In the past month or two, I have been really, really hard on the editors at The New York Times because of their mysterious — that word is carefully chosen — blind spot when it comes to basic, on-the-record facts about the beliefs, motives and tactics of the radical Islamist network Boko (“books”) Haram (“forbidden”) in Nigeria.
Rather than hit you with a wave of URLs, just click here for an earlier wrap-up of some of the basics. And here is a now-classic quote that offers an example of what’s happening in one of the world’s most influential newsrooms:
Boko Haram’s exact goals, beyond a generalized desire to undermine the secular Nigerian state, remain mysterious. Spokesmen purporting to be from the group sometimes release rambling videos, but these offer few clues of a coherent program or philosophy.
That still amazes me.
In previous posts, I praised a BBC background piece that nailed down many of the essential facts. You know, like the fact that the ultra-violent network’s official name is Jama’atu Ahlis Sunna Lidda’awati wal-Jihad, which in Arabic means “People Committed to the Propagation of the Prophet’s Teachings and Jihad” and the unofficial name, Boko Haram, is usually translated as “Western education is forbidden.” A crucial fact is that, in addition to slaughtering Christians and other minorities, Boko Haram specializes in killing Muslims who cooperate with the West, especially in the education of women and children.
Now, are other major newsrooms struggling with the blind spot that is seen at The Times? Yes and no. Consider this news feature in The Washington Post focusing on the history that looms over the story that is currently dominating the headlines, the kidnapping of 234 Nigerian school girls. Here is the top of that piece:
In 2010, long before the mass killing that now engulf Nigeria began, there was a masked man hoisting an AK-47, a stack of religious books and a promise.

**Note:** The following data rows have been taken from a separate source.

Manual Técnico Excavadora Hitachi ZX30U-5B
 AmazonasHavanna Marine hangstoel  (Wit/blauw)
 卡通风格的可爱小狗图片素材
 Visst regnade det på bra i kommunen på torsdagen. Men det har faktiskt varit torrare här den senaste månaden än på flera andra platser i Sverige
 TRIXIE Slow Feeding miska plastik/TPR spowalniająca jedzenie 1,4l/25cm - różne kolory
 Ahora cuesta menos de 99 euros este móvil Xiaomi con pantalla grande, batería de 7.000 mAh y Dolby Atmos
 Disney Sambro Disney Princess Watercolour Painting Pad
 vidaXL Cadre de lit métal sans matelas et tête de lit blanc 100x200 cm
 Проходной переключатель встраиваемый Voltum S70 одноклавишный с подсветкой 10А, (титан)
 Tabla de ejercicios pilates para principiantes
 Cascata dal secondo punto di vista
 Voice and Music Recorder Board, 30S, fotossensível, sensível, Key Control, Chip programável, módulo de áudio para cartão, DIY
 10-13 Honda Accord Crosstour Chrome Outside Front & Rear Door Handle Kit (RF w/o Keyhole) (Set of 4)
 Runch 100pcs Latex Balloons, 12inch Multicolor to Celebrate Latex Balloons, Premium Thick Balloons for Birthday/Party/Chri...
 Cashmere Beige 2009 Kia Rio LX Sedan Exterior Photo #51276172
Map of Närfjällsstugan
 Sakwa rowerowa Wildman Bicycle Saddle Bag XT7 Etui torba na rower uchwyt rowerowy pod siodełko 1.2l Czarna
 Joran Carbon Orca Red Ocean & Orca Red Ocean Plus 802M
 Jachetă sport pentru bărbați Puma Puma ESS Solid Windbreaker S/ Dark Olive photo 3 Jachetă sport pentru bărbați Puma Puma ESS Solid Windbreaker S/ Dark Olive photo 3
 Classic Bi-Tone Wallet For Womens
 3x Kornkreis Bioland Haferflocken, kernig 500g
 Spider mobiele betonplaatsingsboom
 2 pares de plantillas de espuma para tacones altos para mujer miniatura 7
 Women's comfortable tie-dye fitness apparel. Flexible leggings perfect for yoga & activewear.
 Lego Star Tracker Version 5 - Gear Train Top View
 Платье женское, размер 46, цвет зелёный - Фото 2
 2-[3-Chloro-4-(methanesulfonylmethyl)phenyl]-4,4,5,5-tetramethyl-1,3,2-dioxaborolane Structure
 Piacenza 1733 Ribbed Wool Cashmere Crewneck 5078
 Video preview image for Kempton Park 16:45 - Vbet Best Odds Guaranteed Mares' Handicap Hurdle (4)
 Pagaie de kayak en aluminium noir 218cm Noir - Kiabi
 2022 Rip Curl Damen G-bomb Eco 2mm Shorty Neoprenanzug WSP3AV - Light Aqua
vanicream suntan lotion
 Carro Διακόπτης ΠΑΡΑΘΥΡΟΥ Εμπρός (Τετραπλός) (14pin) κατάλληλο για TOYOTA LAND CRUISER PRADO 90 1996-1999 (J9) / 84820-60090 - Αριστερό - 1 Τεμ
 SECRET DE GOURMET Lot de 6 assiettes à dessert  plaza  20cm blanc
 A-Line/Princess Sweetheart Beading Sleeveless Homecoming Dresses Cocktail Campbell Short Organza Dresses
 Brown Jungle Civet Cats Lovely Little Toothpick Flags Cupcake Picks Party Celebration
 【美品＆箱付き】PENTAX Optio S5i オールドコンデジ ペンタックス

His named was Abubakar Shekau, the leader of the Islamic group Boko Haram, and in the 25-minute video clip, he promised to annihilate all traces of Western culture and education in Africa’s most populous nation.
It would start with a prison break. Two months after the video’s release, dozens of armed militants belonging to the group stormed a prison and freed 150 Boko Haram members, and 700 more inmates. Then on Christmas Eve, the group unleashed a flurry of bomb attacks in Nigeria that killed 38 Christians worshiping at church or shopping for gifts. “We will continue with our attacks on disbelievers and their allies and all those who help them,” the group said.
As the months and years passed, the number killed by Boko Haram rose inexorably.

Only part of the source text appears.